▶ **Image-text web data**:
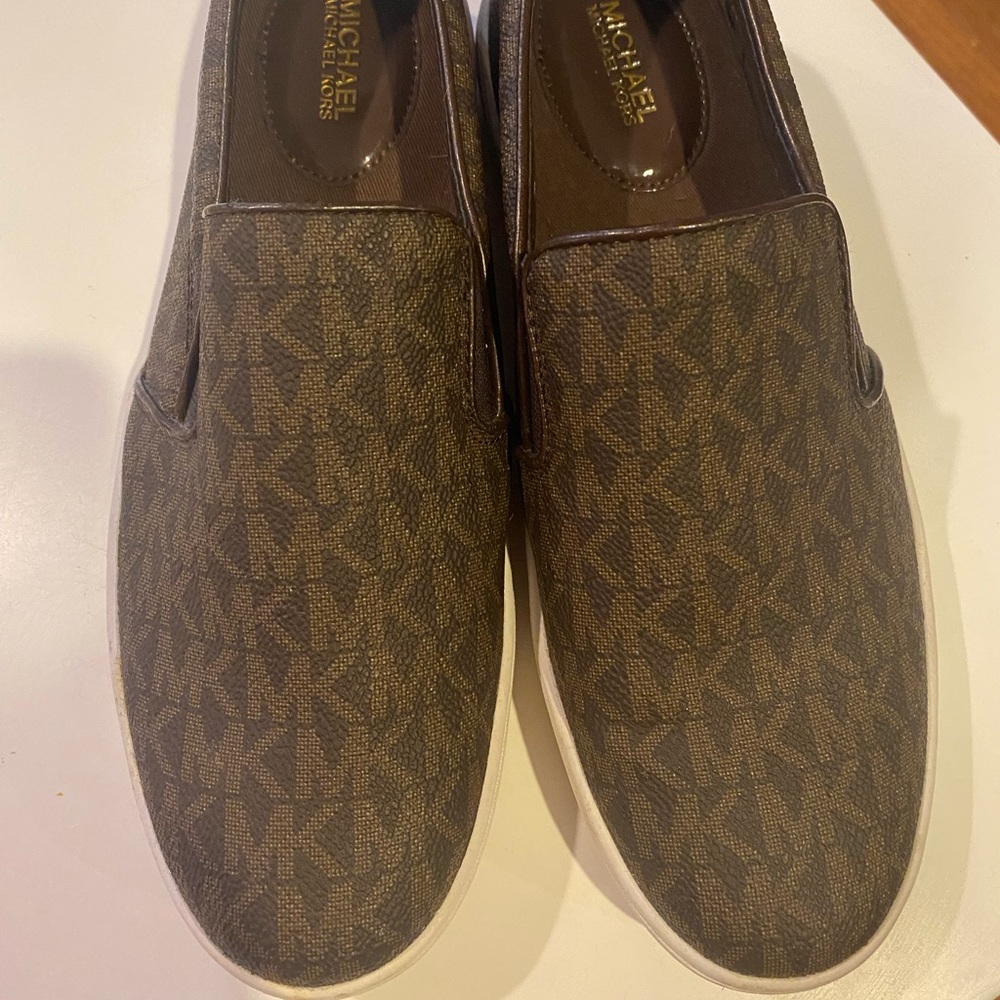 Michael kors slip on shoes
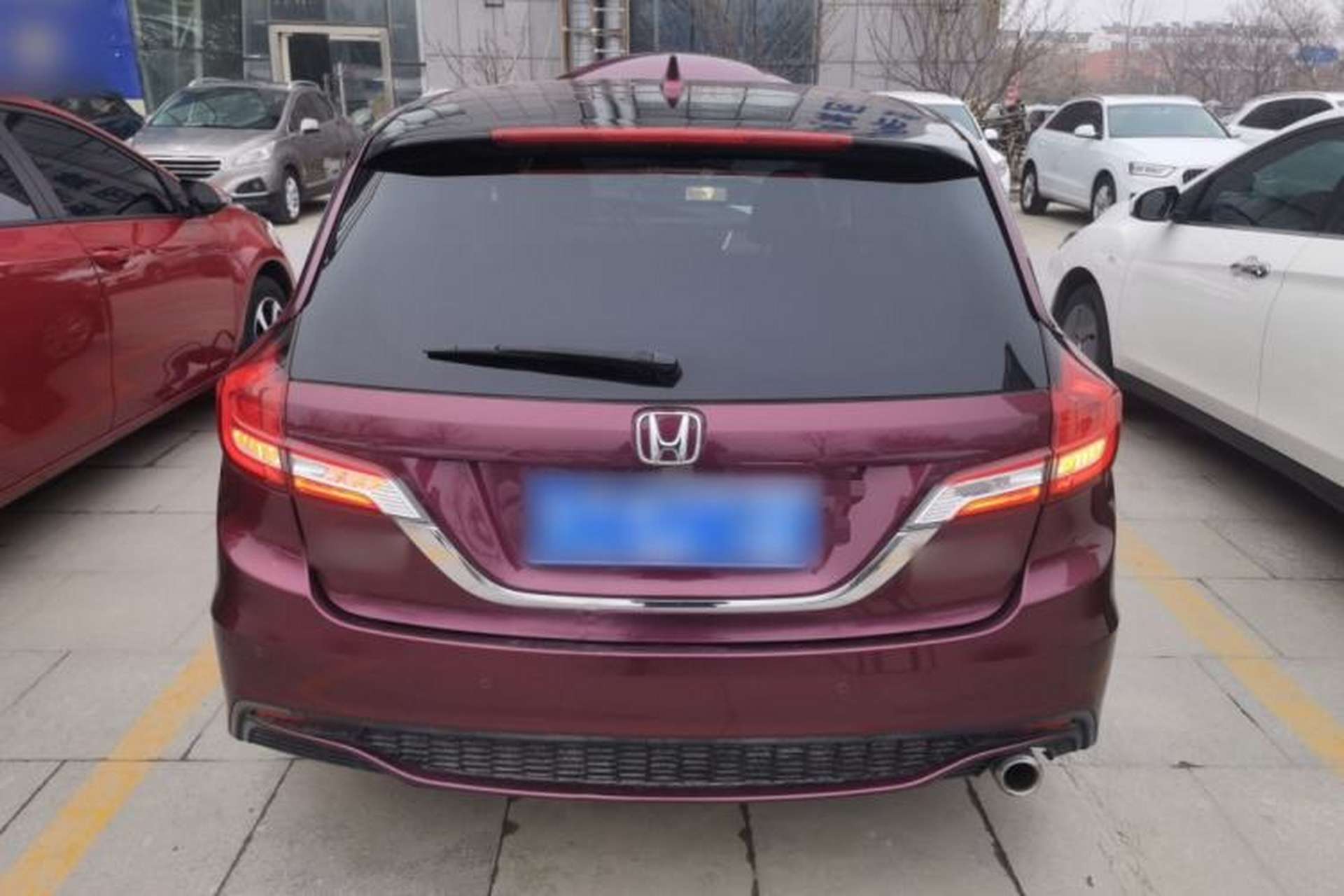 Used Honda Jade 2017 1.8L automatic Comfort version 5 seats Rear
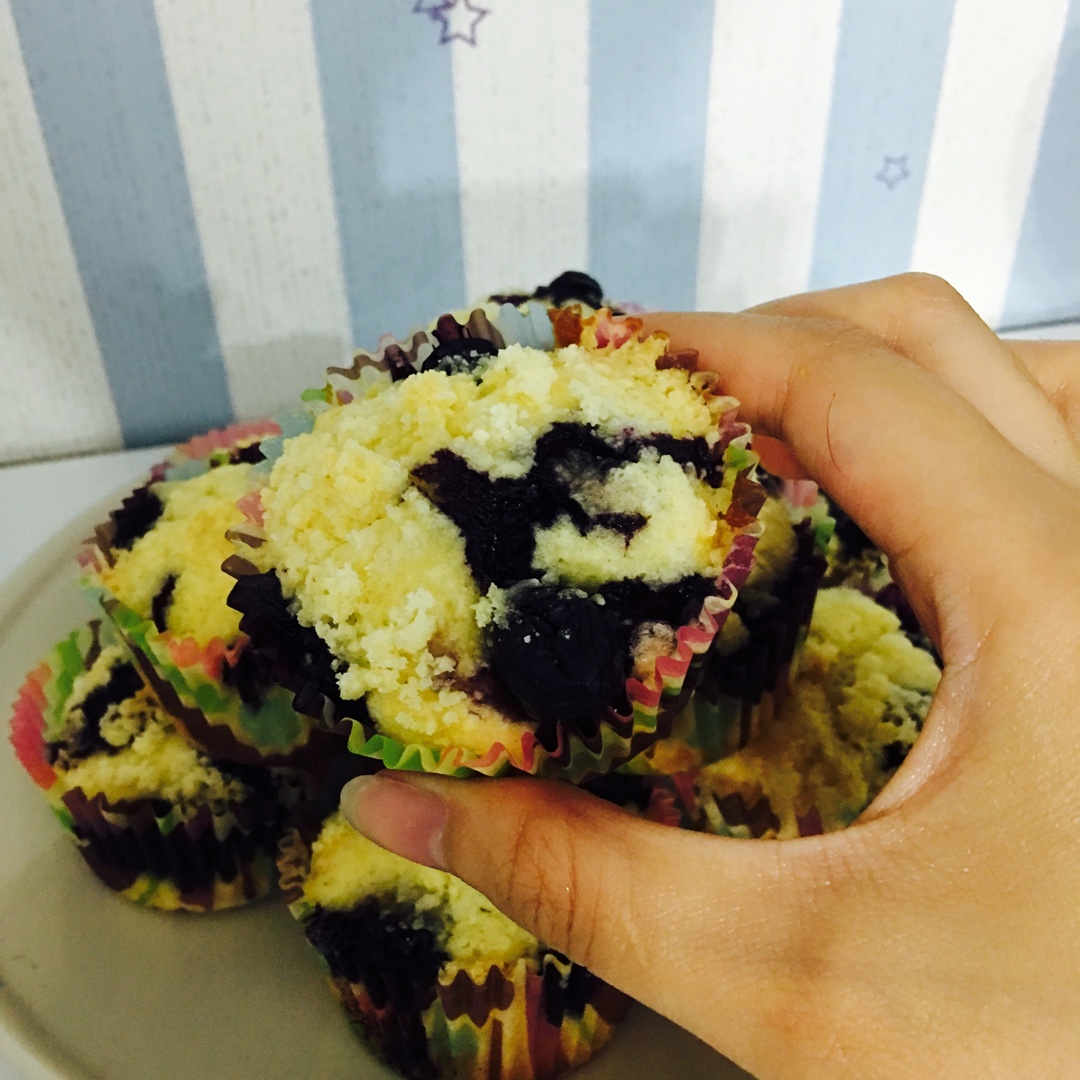 樱桃杏仁酥纸杯蛋糕 Cherry Cupcakes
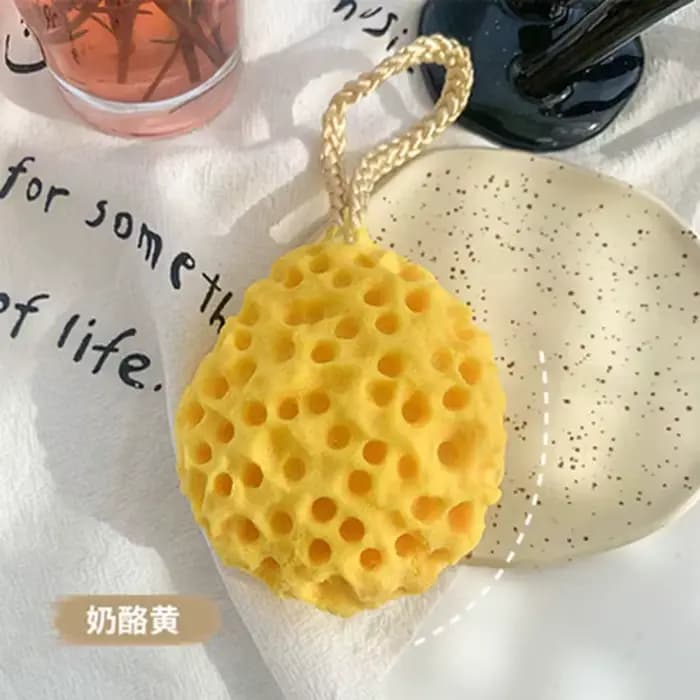 1/4 éponge japonaise : douce et absorbante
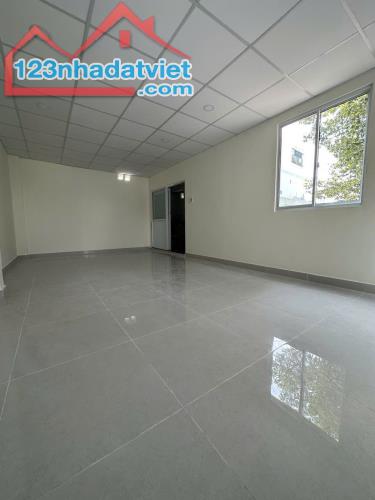 Giảm 1 tỷ,bán nhà MT Lê Hồng Phong Q10, 5 tầng,40m2,giá 14 tỷ nhỉnh - 2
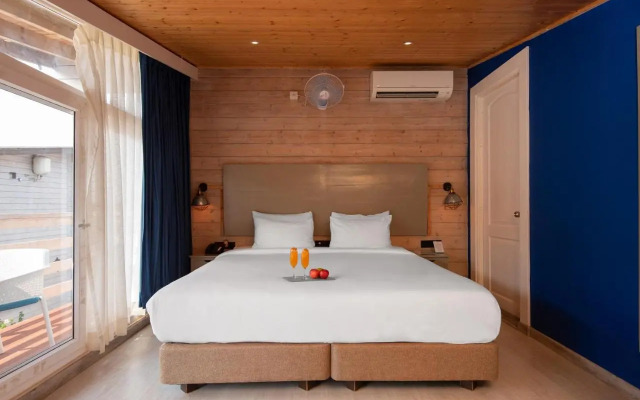 Living Room Beach Resort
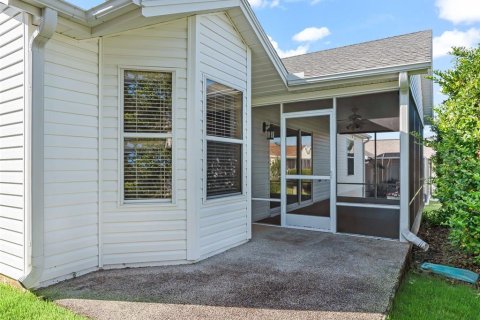 House in The Villages, Florida 3 bedrooms, 160.16 sq.m. № 1904911 - photo 27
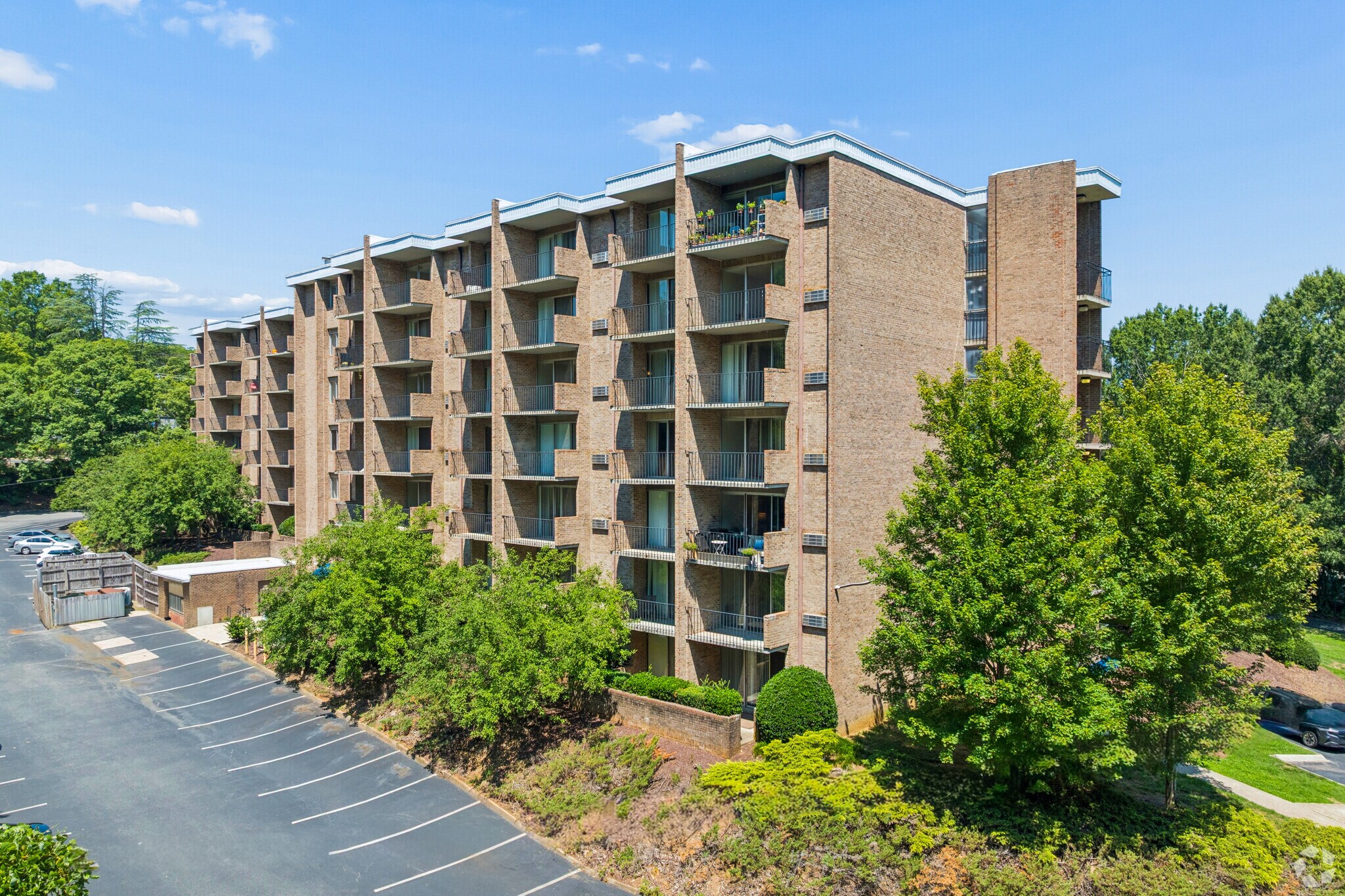 600 Martin Luther King Jr Blvd, Chapel Hill, NC à vendre Photo principale- Image 1 de 53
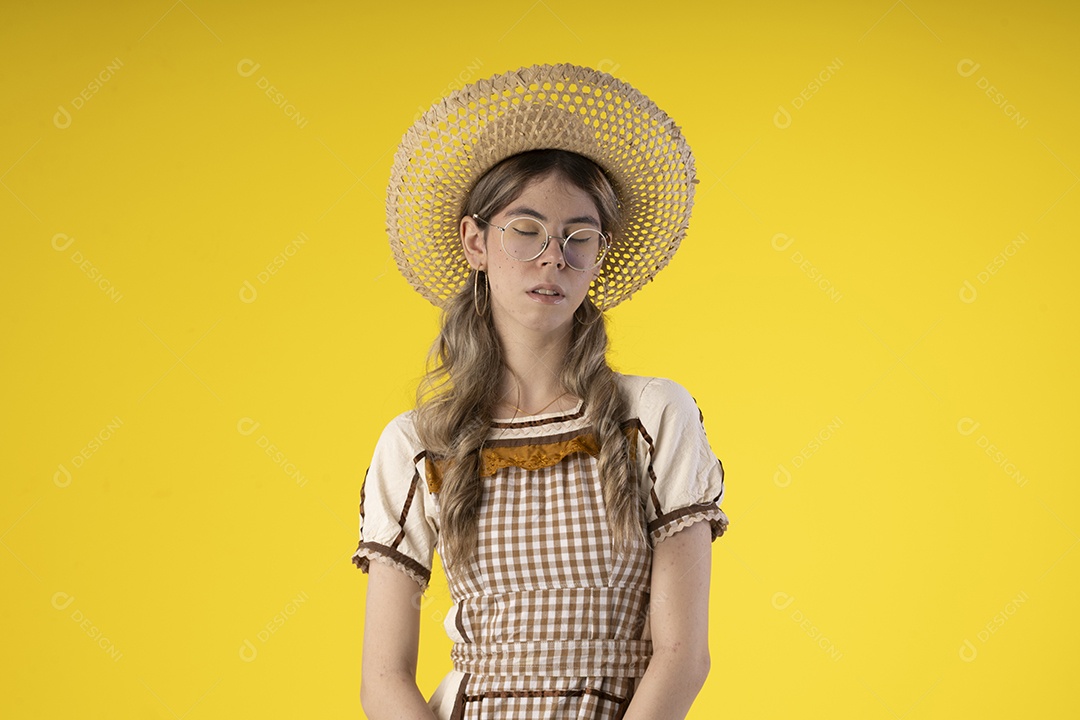 Jovem garota com trajes juninos usando óculos de olhos fechados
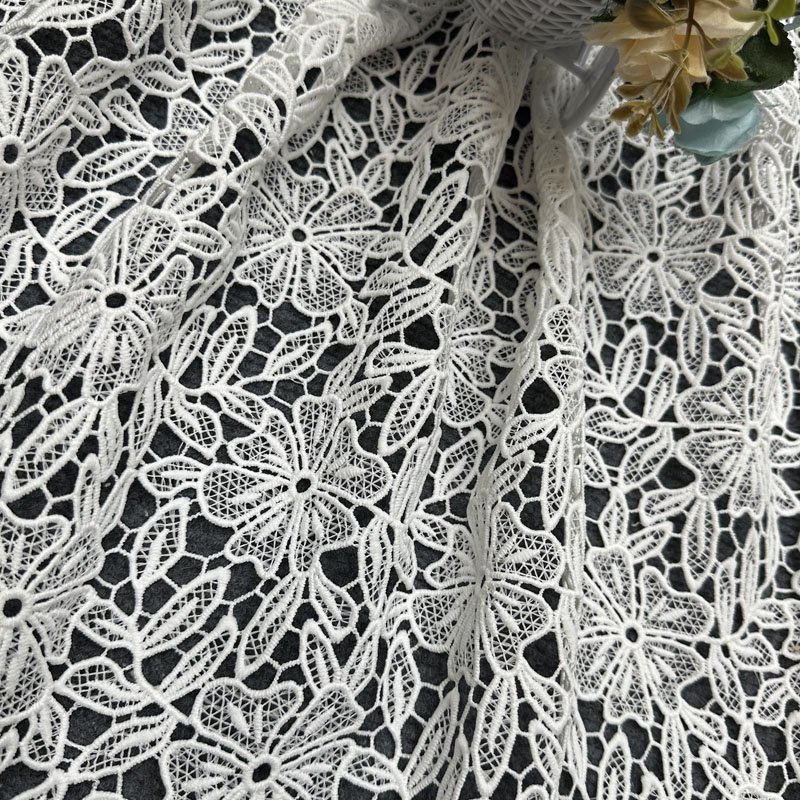 2024 New Collection Chemical Lace Fabric Polyester Dryer Lace Fabric for Casual Dress
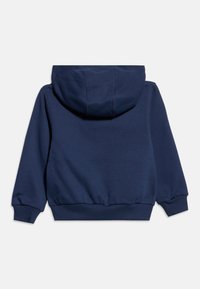 Mørkeblå hettegenser med lange ermer og ribbestrikkede mansjetter og kant, vist bakfra mot en hvit bakgrunn.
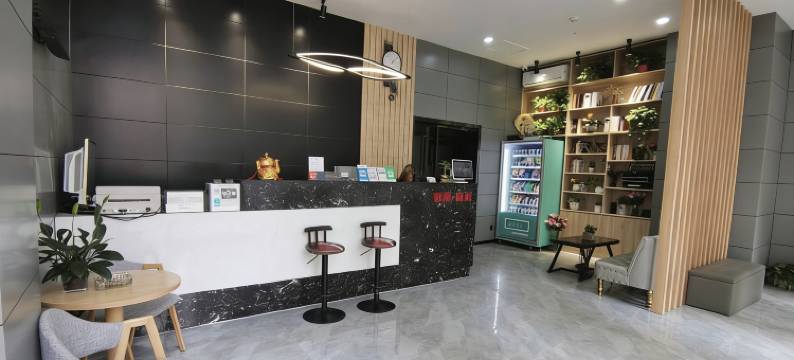 华逸连锁酒店(安阳文峰大道迎宾公园店)图片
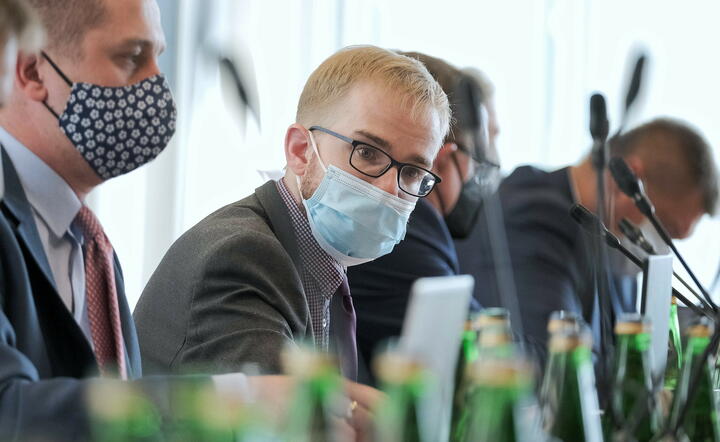 Wiceminister finansów Piotr Patkowski (C) podczas posiedzenia sejmowej Komisji / autor: PAP/Mateusz Marek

▶ **PROBLEM TO WORK ON**:
Write out the data above exactly, minus any images.

▶ **RESPONSE TO THIS EXERCISE**:
 Michael kors slip on shoes
 Used Honda Jade 2017 1.8L automatic Comfort version 5 seats Rear
 樱桃杏仁酥纸杯蛋糕 Cherry Cupcakes
 1/4 éponge japonaise : douce et absorbante
 Giảm 1 tỷ,bán nhà MT Lê Hồng Phong Q10, 5 tầng,40m2,giá 14 tỷ nhỉnh - 2
 Living Room Beach Resort
 House in The Villages, Florida 3 bedrooms, 160.16 sq.m. № 1904911 - photo 27
 600 Martin Luther King Jr Blvd, Chapel Hill, NC à vendre Photo principale- Image 1 de 53
 Jovem garota com trajes juninos usando óculos de olhos fechados
 2024 New Collection Chemical Lace Fabric Polyester Dryer Lace Fabric for Casual Dress
 Mørkeblå hettegenser med lange ermer og ribbestrikkede mansjetter og kant, vist bakfra mot en hvit bakgrunn.
 华逸连锁酒店(安阳文峰大道迎宾公园店)图片
 Wiceminister finansów Piotr Patkowski (C) podczas posiedzenia sejmowej Komisji / autor: PAP/Mateusz Marek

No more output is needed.